Editor’s Notebook: Why Tonya Harding shot JFK, and other mysteries
The Sierra Sun is a fairly small newspaper in the general scheme of things. We’re not the New York Times by any means, and we’re just a weekly, not a daily.
Mostly, we do our part to cover Truckee and the immediate surrounding area the best we can, and leave the doings of the rest of the world to the rest of the media.
But despite our narrow journalistic focus, we do get a heck of a lot of material in one week. An unscientific estimate is that the Sun gets around 100 letters, another hundred pages of faxes, and as many as 300 E-mails within a single week.
Of that mountain of correspondence, 90 percent of it is total junk.

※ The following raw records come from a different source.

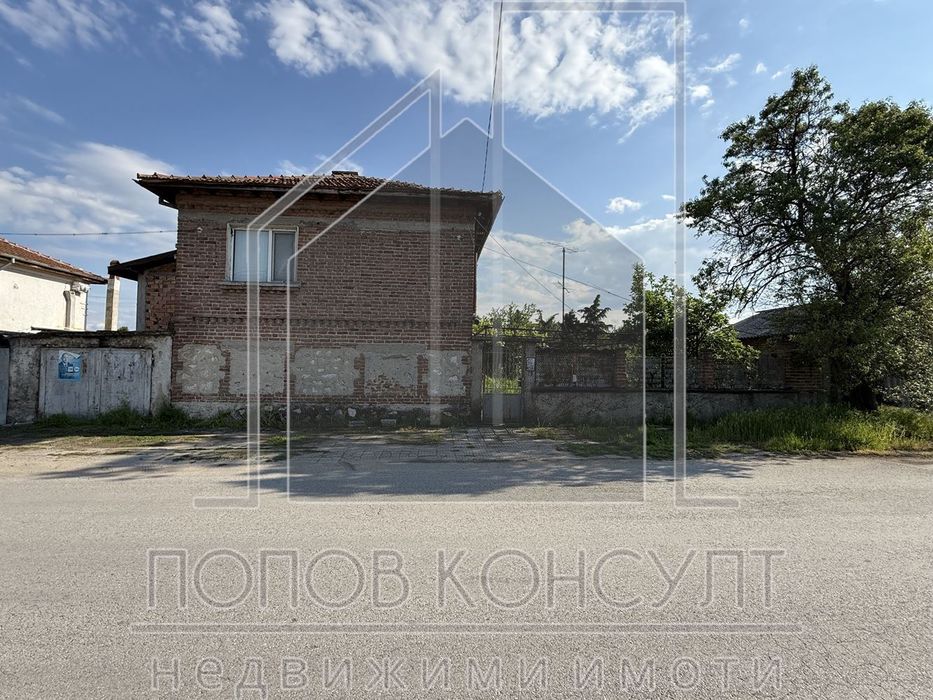 Продава се Къща в с. Радиново, Област Пловдив - 169 кв.м за 1000 €/кв.м - Снимка #2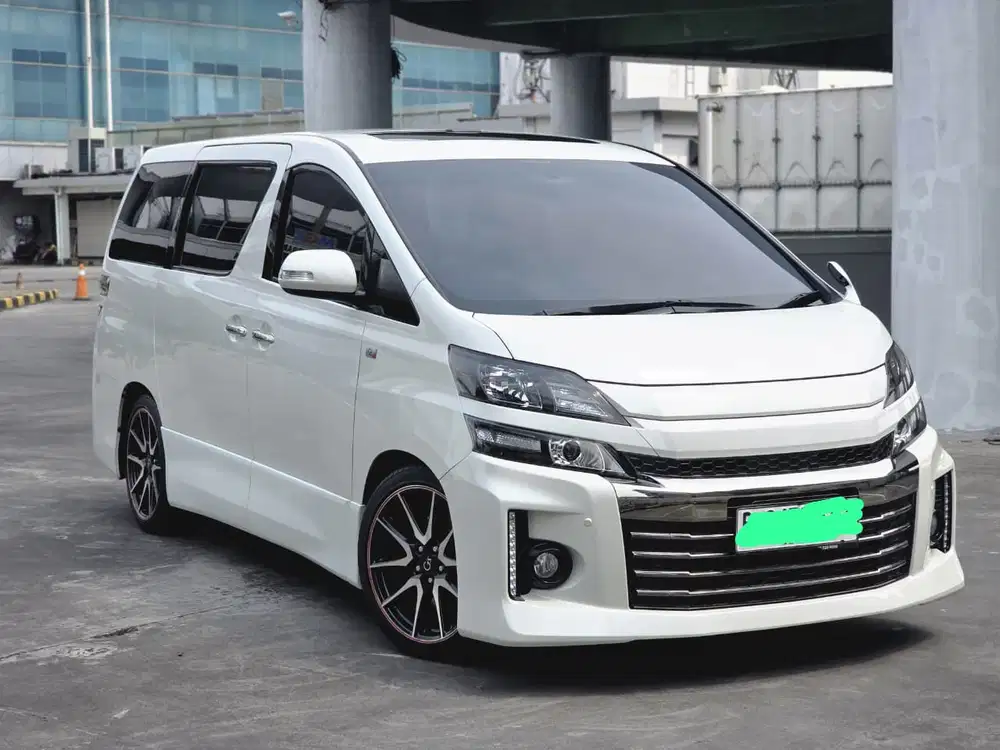 Toyota Vellfire 2013 Bensin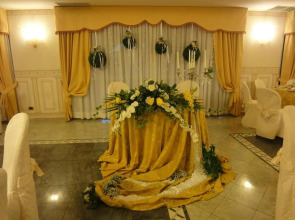 Hotel Holiday Sul Lago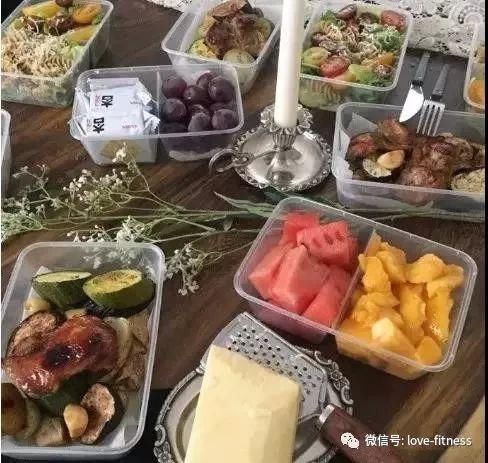 从100公斤减到50公斤，如今她漂亮到亲妈不敢认!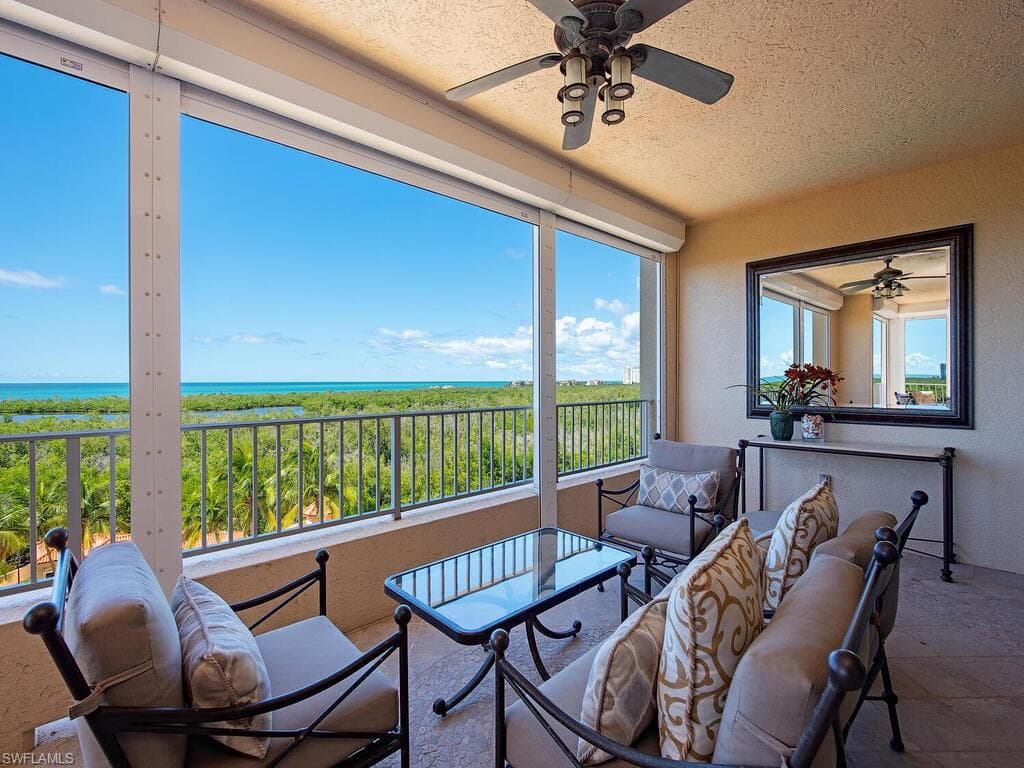 6597 Nicholas BLVD 803 NAPLES, FL 34108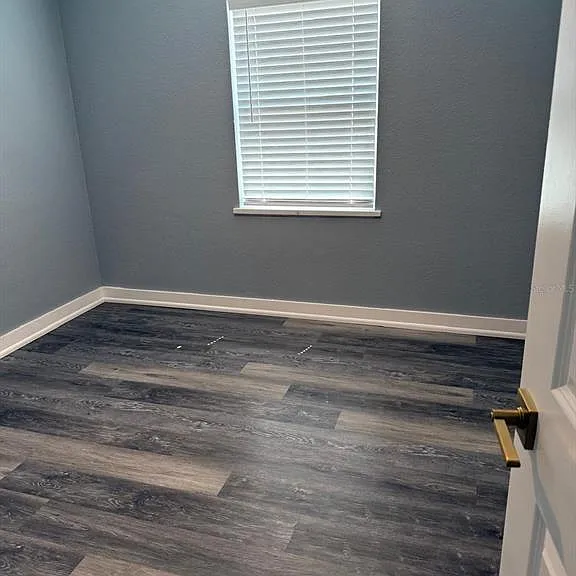 1113 S Central Ave — Photo 3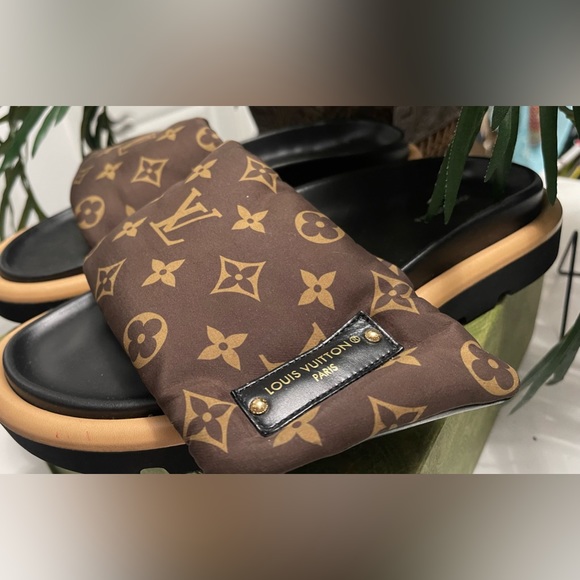 Authentic Louis Vuitton Pool Pillow Flat Comfort Mule - Gently worn. - Picture 1 of 8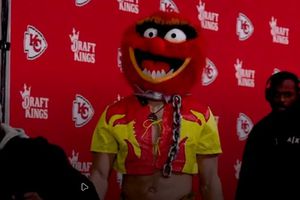 ¡Animal! Mack Hollins llega a Kansas City con disfraz de Los Muppets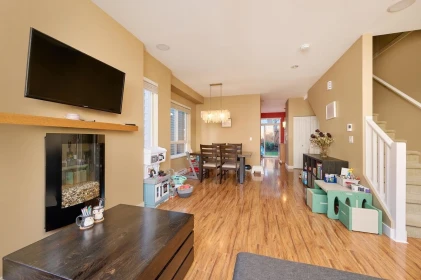 Kitchen Island Photo of 37 2929 156 Street, Surrey, BC
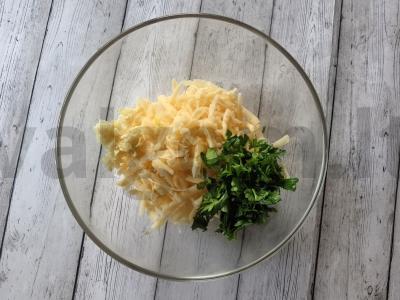 Sluoksniuoti pyragėliai su dviem sūrio rūšimis Žingsnis 3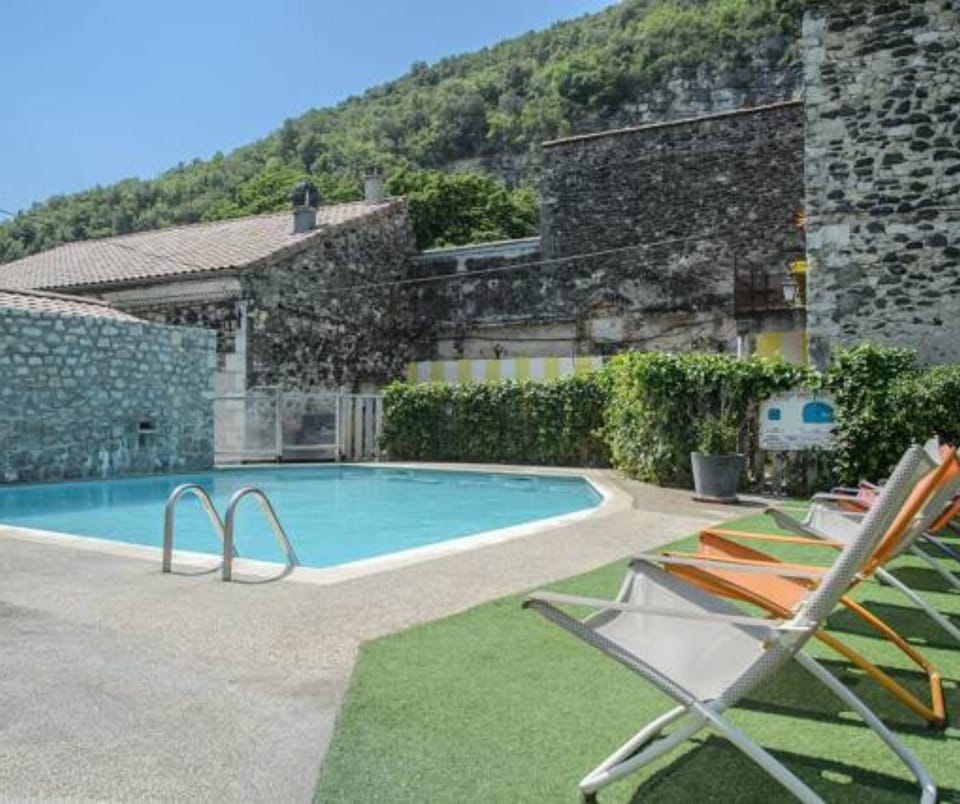 Natural landscape, Swimming pool, sunbed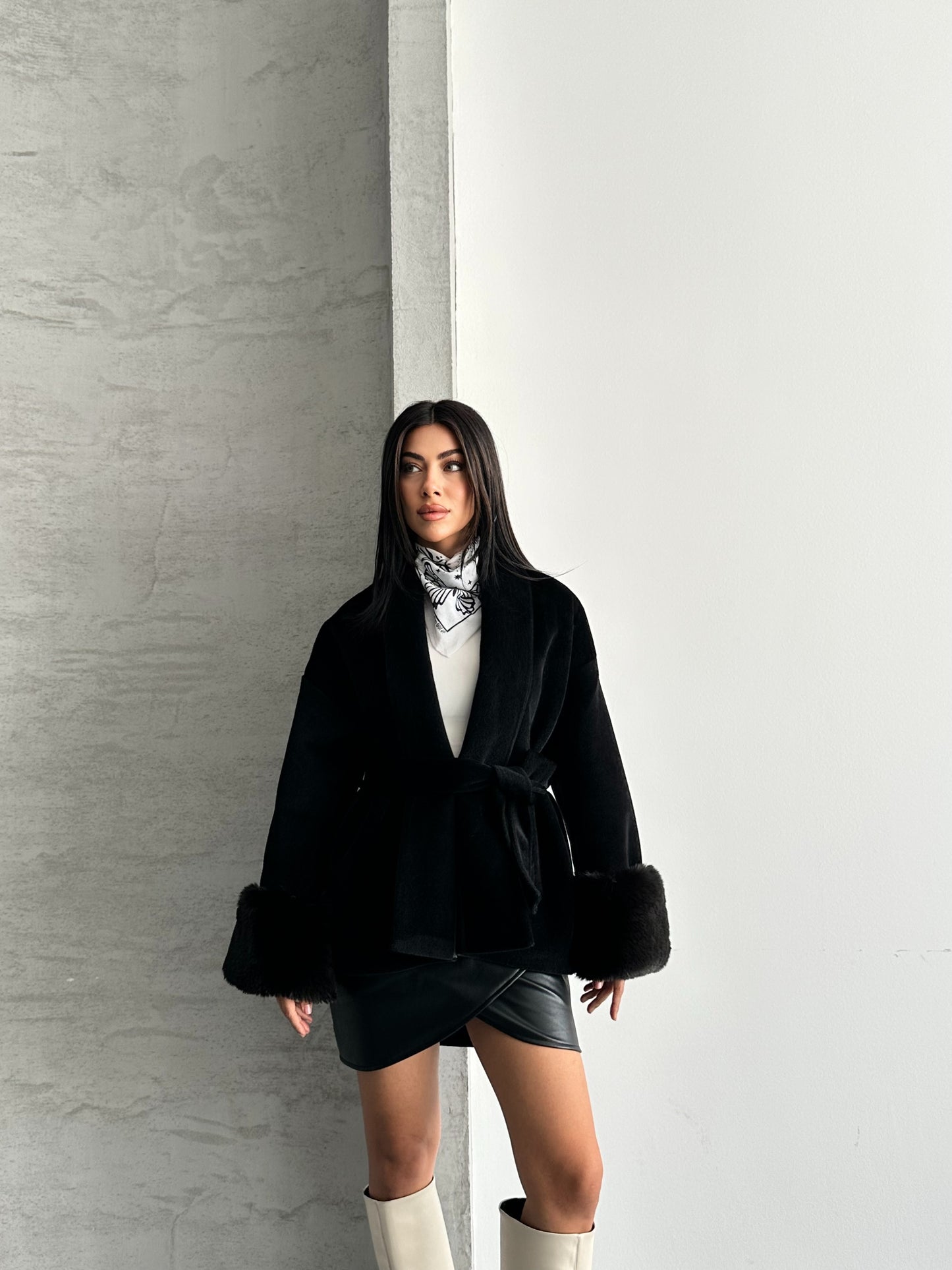 Nicole Kaban Fox Kumaş Premıum Kalıte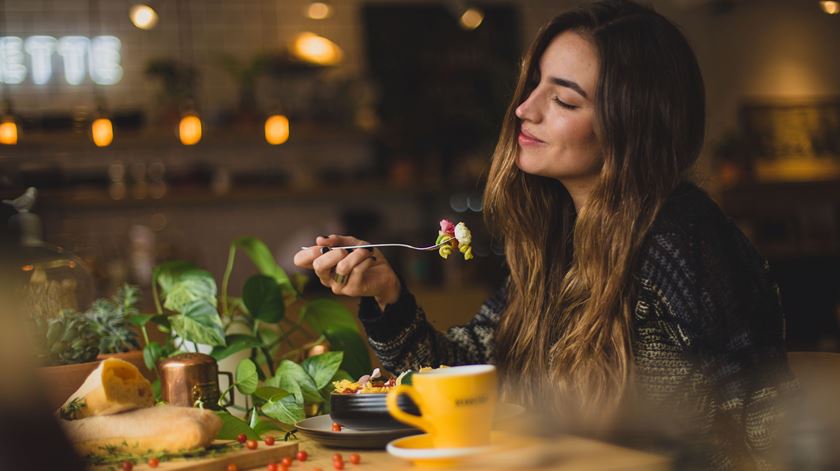 Apreciar cada momento. Na alimentação ou no dia-a-dia. Foto: Pablo Merchan Montes/Unsplash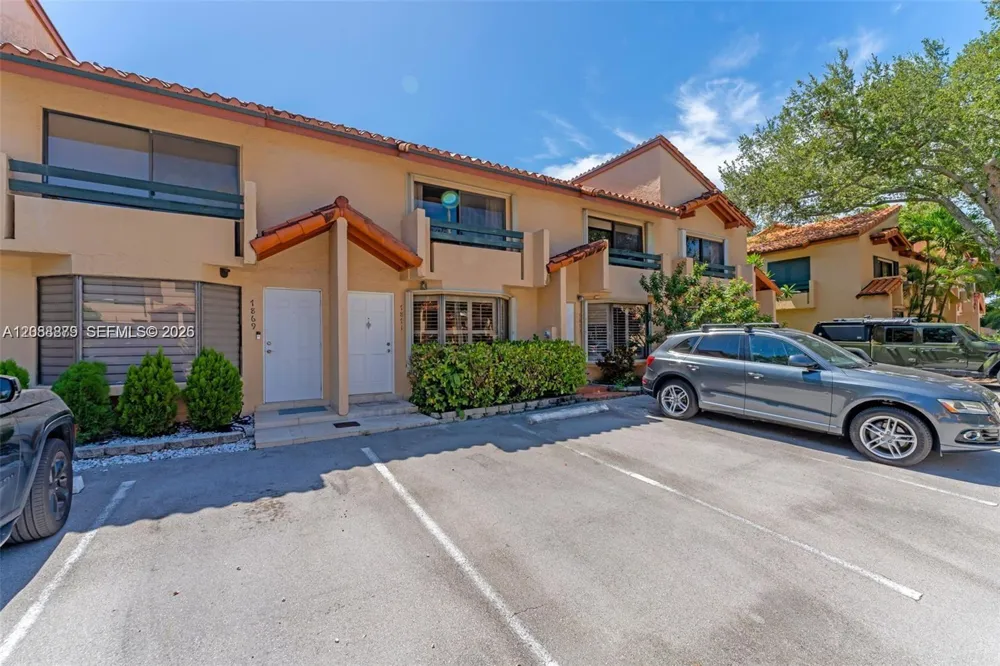 7871 SW 102nd Ln Miami, FL 33156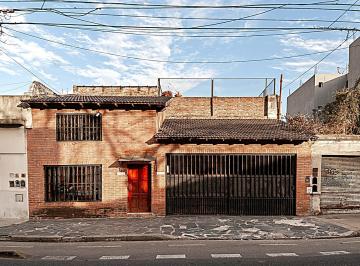 Frente · Venta de Casa en Parque Patricios 7 Ambientes, 2 Cocheras, Quincho, Terraza.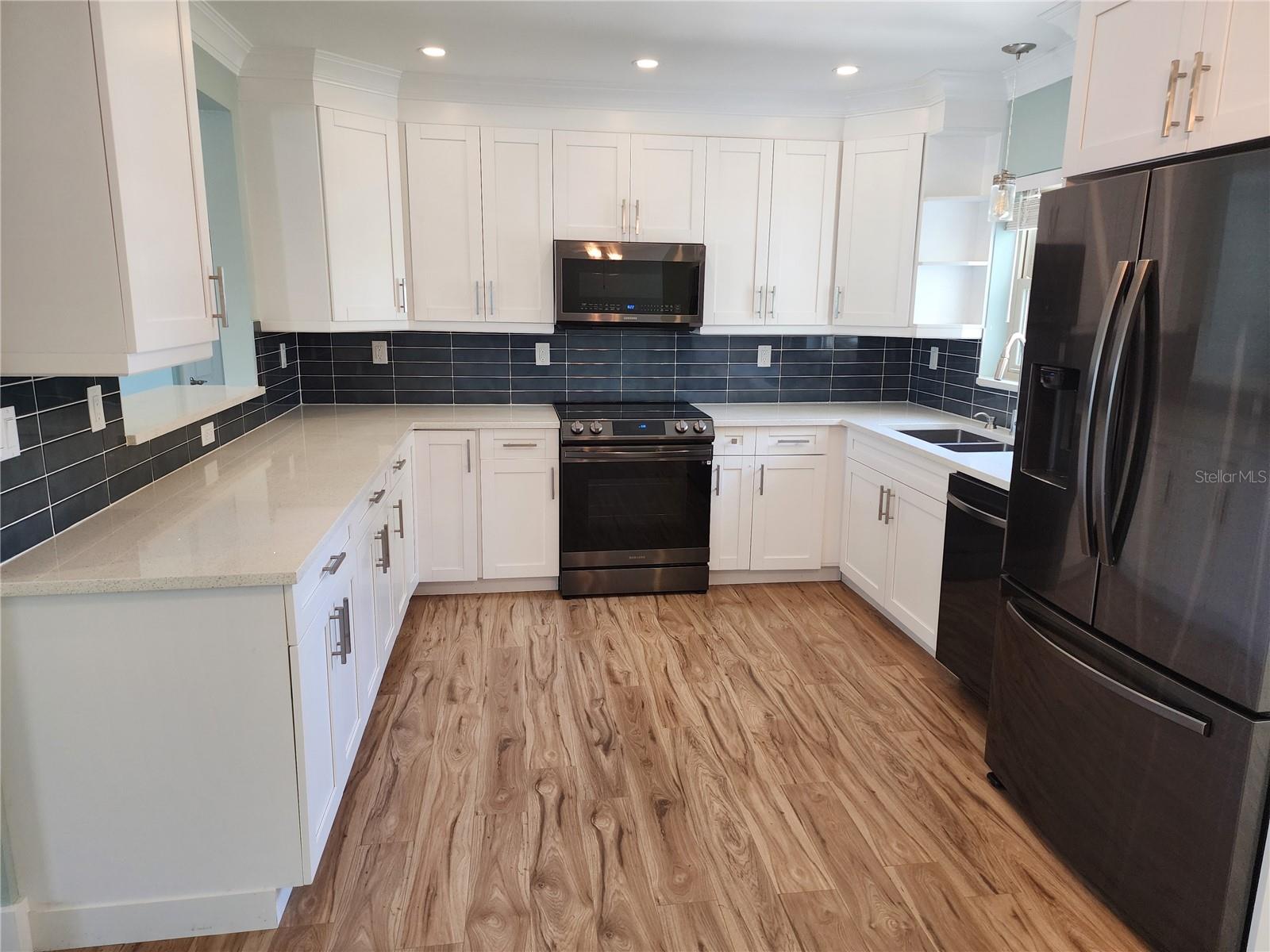 2347 EASTWOOD DR — photo 3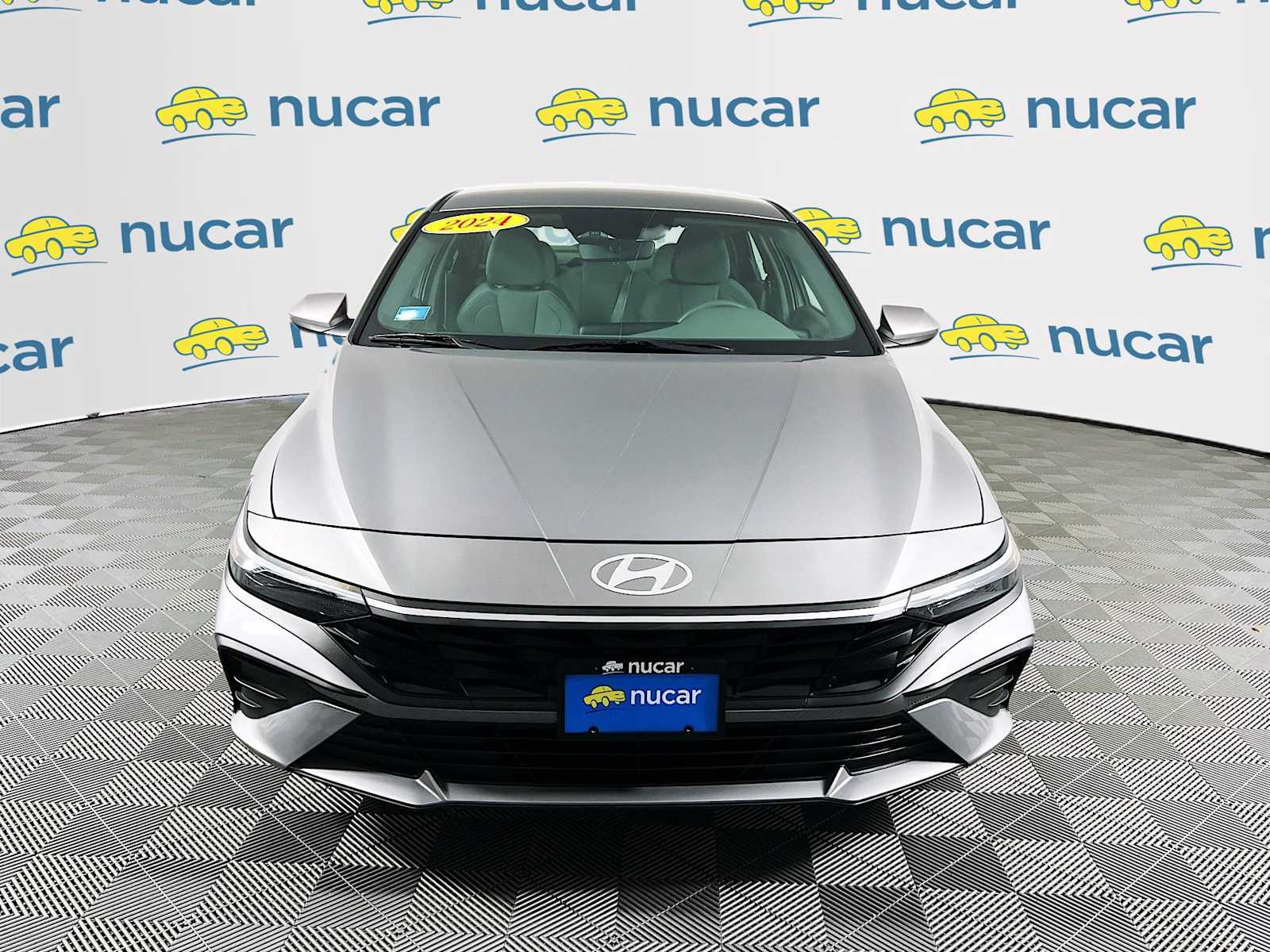 2024 Hyundai Elantra SEL photo 2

The good stuff – your valuable letters, press releases on local events, birth announcements, etc. -usually makes it into the pages of the Sierra Sun eventually.
The junk, however, is unceremoniously tossed into the recycling bin.
While I appreciate the fact that the organizers of some dried flower-pressing festival in Southern California thought enough of us to send us a press release, we really only have the space to focus on local events.
Some of the E-mail we receive at email@example.com is particularly strange. The advent of E-mail gave every kook and wacko within the country a much more efficient means to disseminate their lunacy.
Previously, your standard lunatic would have to painstakingly mail out by hand their screeds to all those they wanted to receive it. Postage costs get pretty expensive on your average lunatic’s salary, so their message only got out to a select handful of people.
But with E-mail, all it takes is the press of a button and presto, you can send your treatise on why the C.I.A. has revived Elvis’ corpse and is using him as a zombie hitman in Guatemala to every single newspaper on the West Coast.
Among the E-mails we’ve received are countless get-rich-quick schemes, offers to help us buy a timeshare in the Bahamas (within the reach of every journalist’s salary), and a handful of XXX-rated solicitations.
One of these erotic E-mails apparently had an automatic mailing program that inserted the name of the recipient throughout the message. Thus, we received a transmission with sentences such as “How Sierra Sun can get more foxy women!” and “Sierra Sun, here’s how you can get 20 hot XXX pics FREE!”
One E-mail I received recently deserves entry into the Kook Hall of Fame. Here’s the subject header:
Tonya Harding is Lee Harvey Oswald, Claims Author of New Age Web Site
Now, I get a lot of junk E-mail that I delete automatically without giving it a second glance, but how can you pass up a title like that?
The message went on, “The soul of JFK assassin Lee Harvey Oswald has returned in the body of figure skater Tonya Harding, according to the author of a new Web site, http://www.tonyahardingshotjfk.com.
“Both have the letters ‘Har’ in their names. Both opposed Irish Catholics from Massachusetts whose last names begin with the letters ‘Ke’: John F. Kennedy and Nancy Kerrigan. Both victims were attacked in cities beginning with the letter D: Dallas and Detroit.”
He continued, “Both Lee and Tonya learned how to use a rifle. Both were about the same age when they became infamous: Oswald at 24, Harding at 23. And they have similar facial features.”
The best part, to me, is the final line of the E-mail, which states that the author “is a 50-year-old warehouse clerk living with his mother in Vacaville, California.”
But of course he is.
Sierra Sun Editor Nik Dirga grew up in Nevada County.